Another more recent musical setting of Faoiseamh a Gheobhadsa was composed by Zoë Conway and her husband John McIntyre, who first recorded their arrangement as part of the album Allt, which is a collaboration with Scottish traditional musician Julie Fowlis and her husband Éamonn Doorley. A native speaker of the North Uist dialect of Scottish Gaelic, Julie Fowlis has performed the song alongside them, alternating verses in Scottish Gaelic with Zoë Conway singing the original Connacht Irish. Conway and McIntyre's musical setting of Ó Direáin's poem remains a very popular one, and they often perform it together on the concert stage.

==In translation==
- In 2020, a collection of Ó Direáin's poems in Connaught Irish, along with translations into English by Frank Sewell, were published by Wake Forest University Press.

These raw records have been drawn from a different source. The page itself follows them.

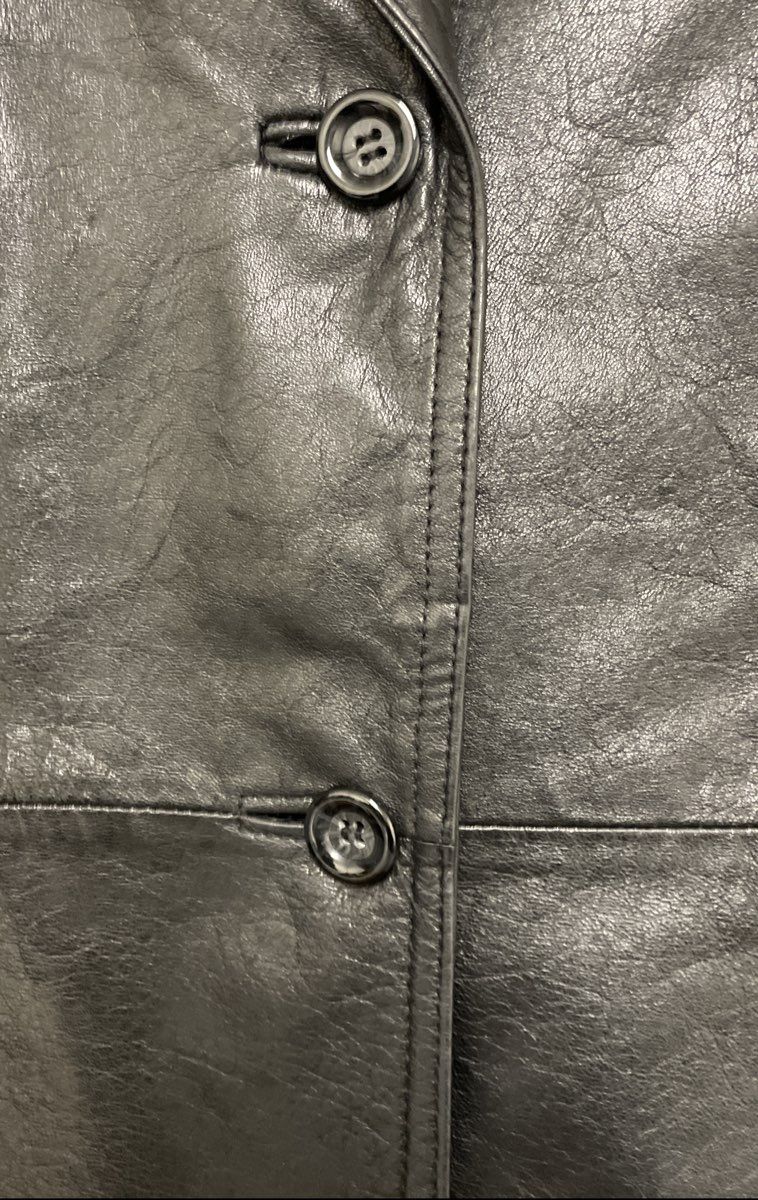 N.J. Taylor Women's Black Leather Mid-Length Button Front Car Coat Jacket Sz XL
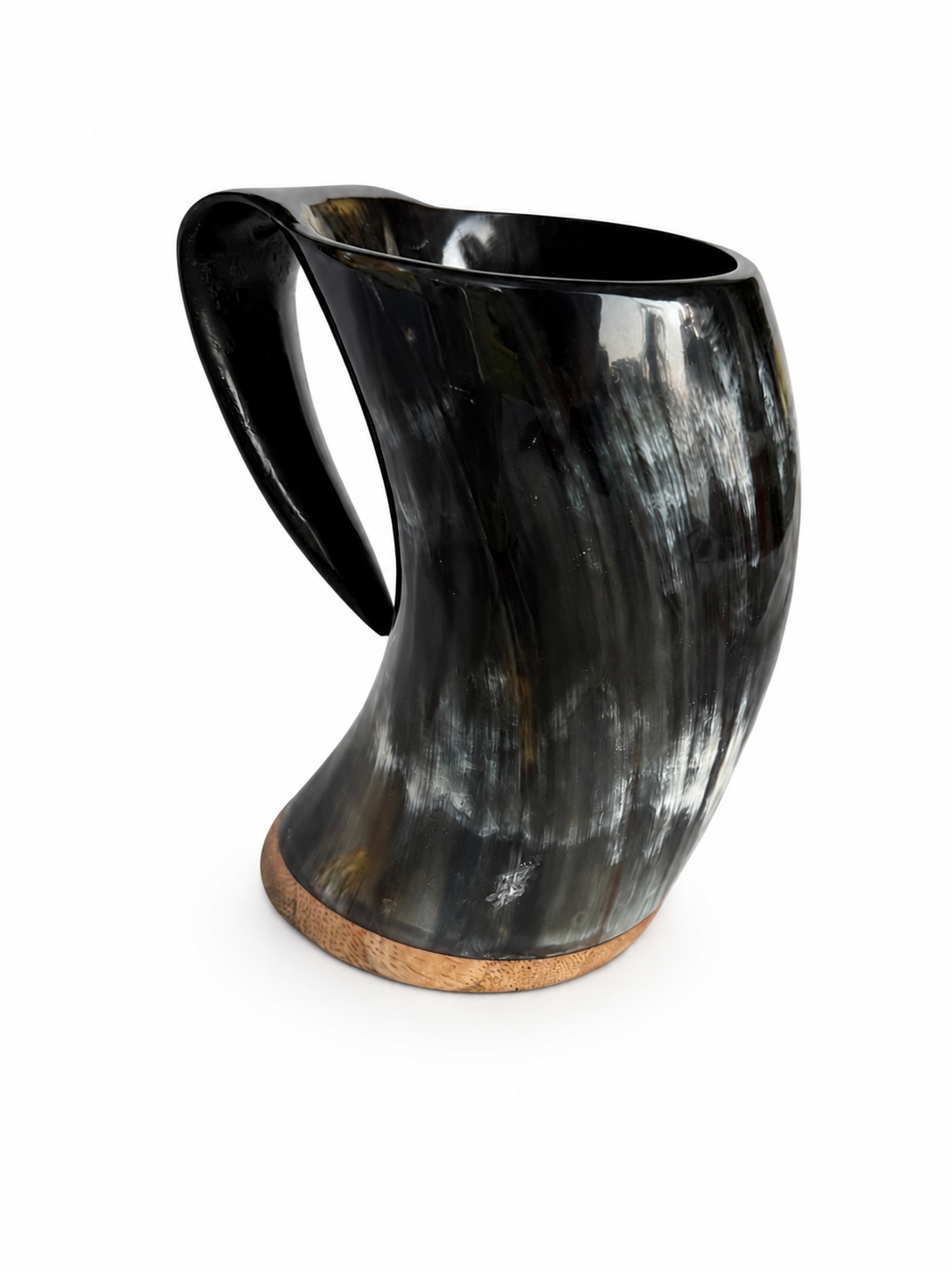 A curved horn-shaped mug with a glossy black finish and natural brown variation, featuring a curved handle and a cork-like base, shown on a white background.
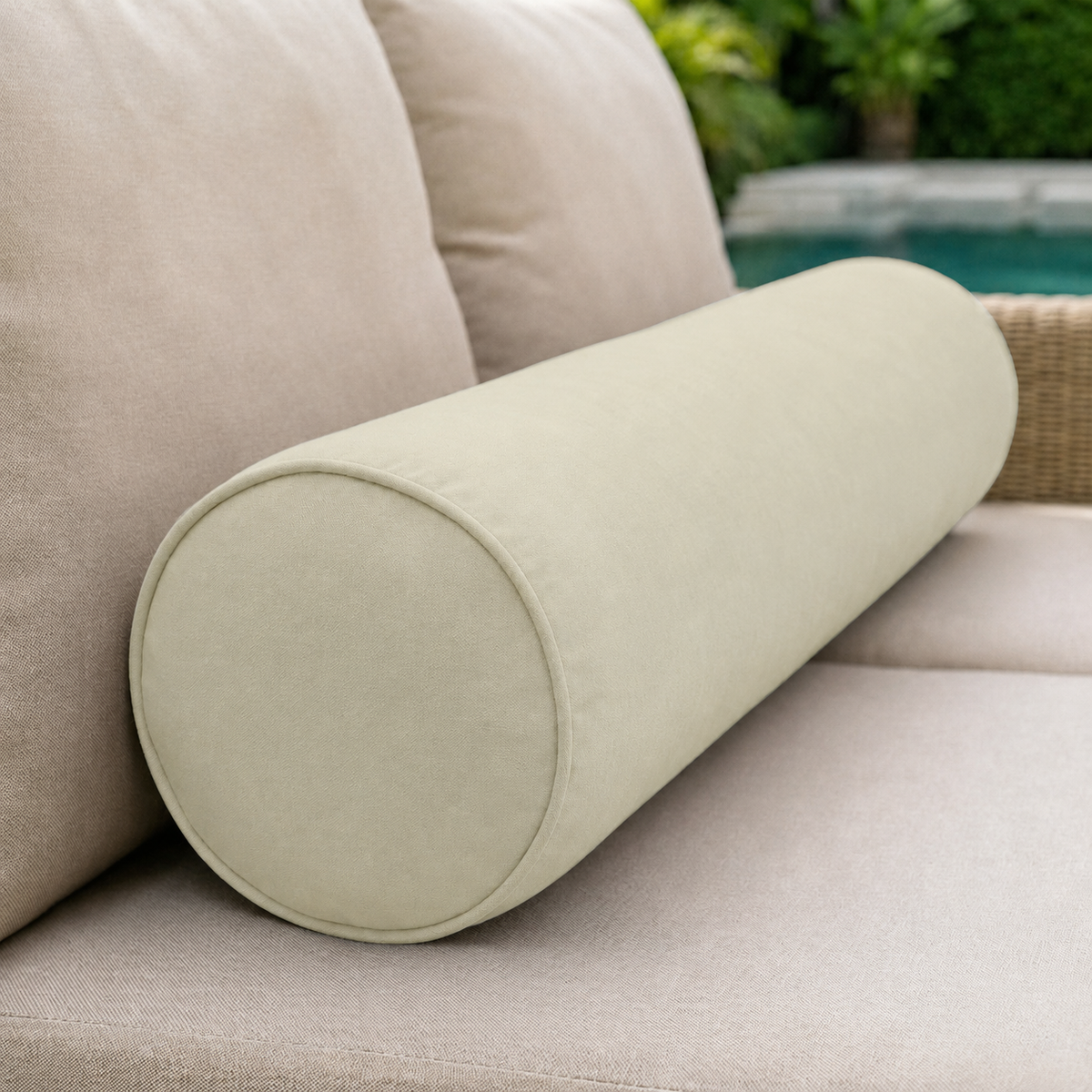 |COVER ONLY| Piped Trim Medium Size 24x6 Outdoor Bolster Pillow Water Repellent Decorative Bolster Pillow for Porch Swing Couch Sofa Cushion Patio Furniture AD005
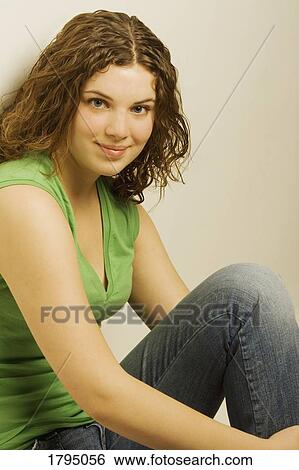 Stock Photograph - Portrait of young adult female. Fotosearch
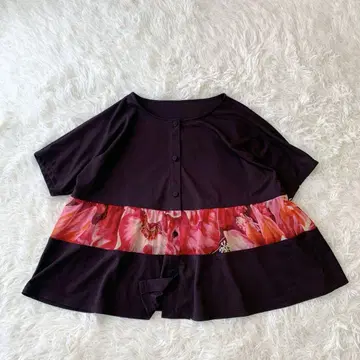 TOKUKO 1er VOL 쉬폰 배색 가디건 꽃무늬 M 브라운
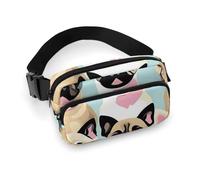 Cute Chihuahua Pug Waist Bag Fashion Fanny Bag with Adjustable Strap for Outdoor Workout Cycling Unisex, white, 20x13cm, Waist Bag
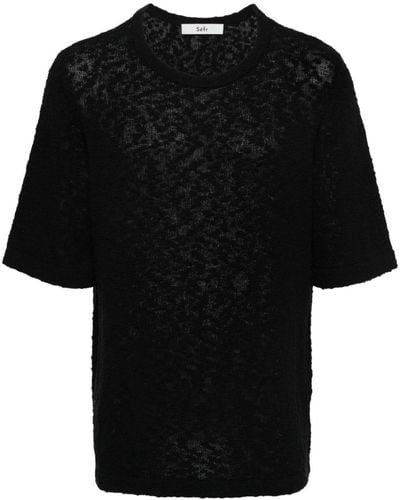 Séfr T-shirt Tolomo en tweed - Noir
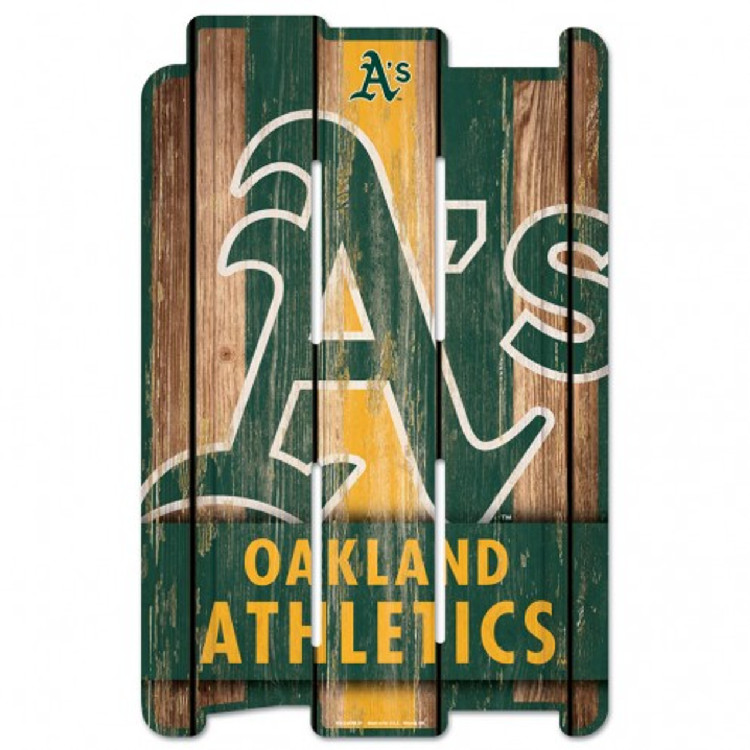 Oakland Athletics Sign 11x17 Wood Fence Style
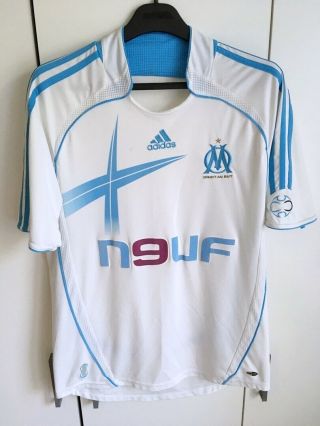 Olympique Marseille Fc Adidas Mailot Home Football Shirt Soccer Jersey Size L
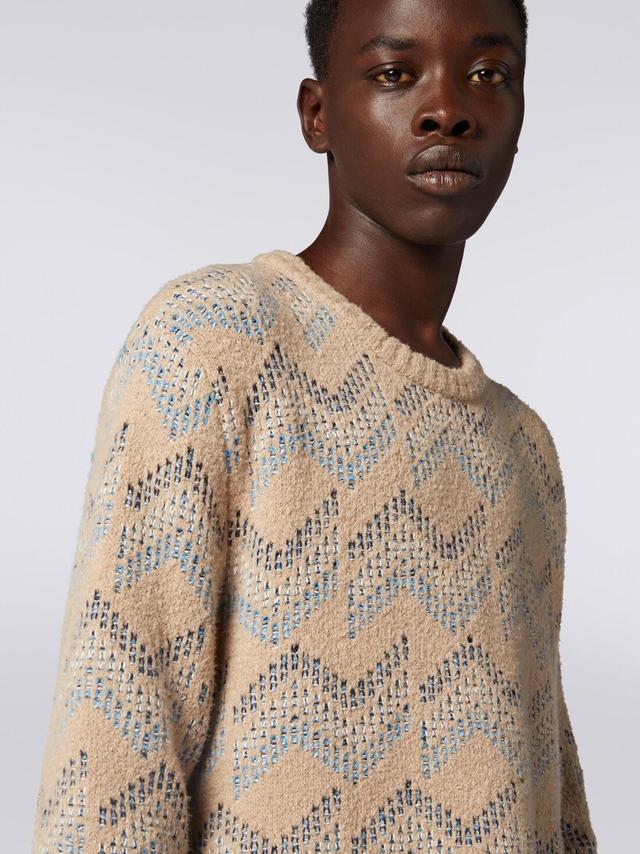 Cotton blend crew-neck sweater with zigzag pattern Beige | Missoni Product Image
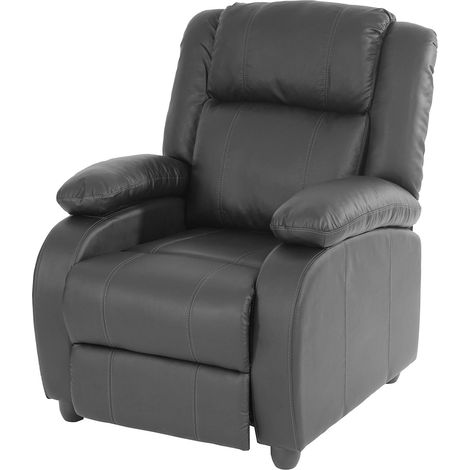 Sillón TV relax con reposapiés y reposabrazos en sintético negro 040002017 (1/3)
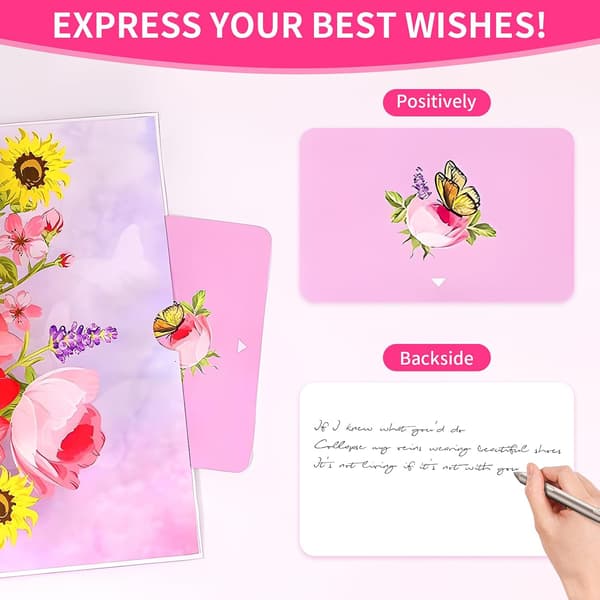 Sommerfuglkort for kvinner, Pop Up bursdags- og jubileumskort, 3D bursdagskort for kvinner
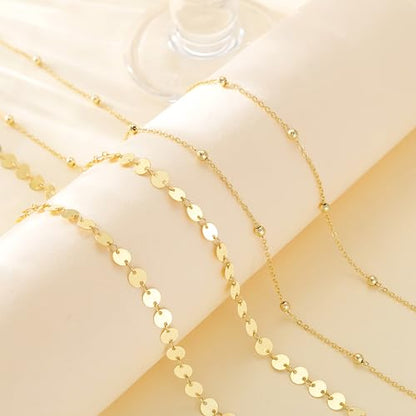 CHESKY Waist Beads for Women, 14k Gold Plated Waist Chain Gold Chain Belt for Womens Simple Body Chain Jewelry Belly Chain Beach Accessories Dainty Gold Jewelry for Women Gifts Rave Outfits for Womens - style: bead belly chain-gold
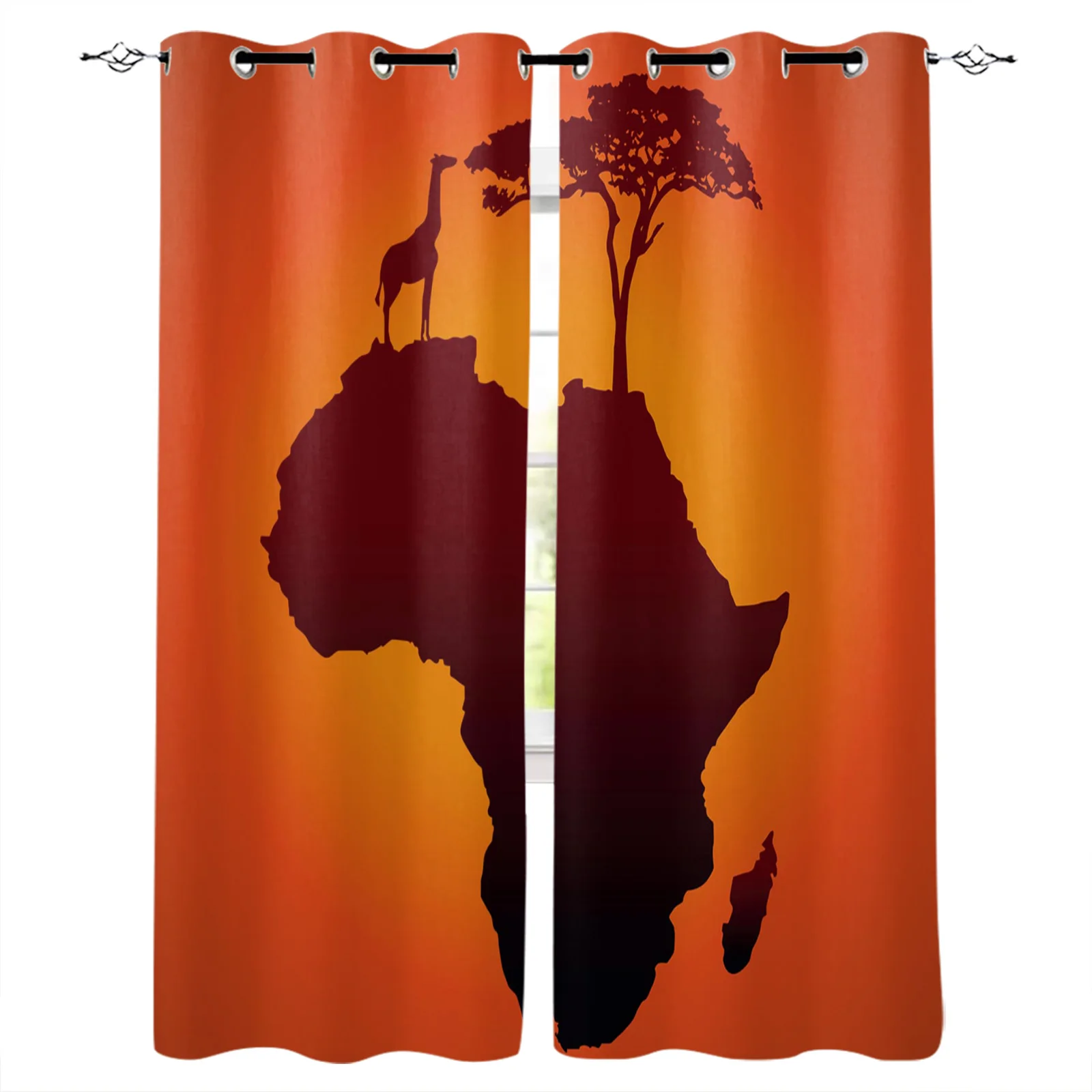 Map Animal Giraffe Tree Curtains for Living Room Bedroom Kitchen Window Treatment Curtain Home Decoration | Дом и сад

- In 2021, Wisconsin-based poet Margaret Noodin was inspired, after hearing Zoë Conway and John McIntyre's musical setting, to translate Máirtín Ó Direáin's poem Faoiseamh a Gheobhadsa from Connaught Irish into the Ojibwe language. In an essay about her translation, Noodin drew parallels between the ongoing language revival efforts by both the Irish people and the Ojibwe people, which are both, she explained, an effort to reverse the damage done by colonialism, linguistic imperialism, and the coercive Anglicisation of the educational system.

==Bibliography==
His main works include the poetry collections:
- Coinnle Geala (1942)
- Dánta Aniar (1943)
- Rogha Dánta (1949)
- Ó Mórna agus Dánta Eile (1957)
- Ár Ré Dhearóil (1962)
- Cloch Choirnéil (1967)
- Crainn is Cairde (1970)
- Dánta 1939-79 (1980)
- Ceacht an Éin (1984)
- Béasa an Túir (1984)
- Tacar Dánta/Selected Poems (1984)
- Craobhóg: Dán (1986)
- Fear Lásta Lampaí (1928 - i nGaillimh/in Galway)
His autobiographical essays are collected as Feamainn Bhealtaine (1961).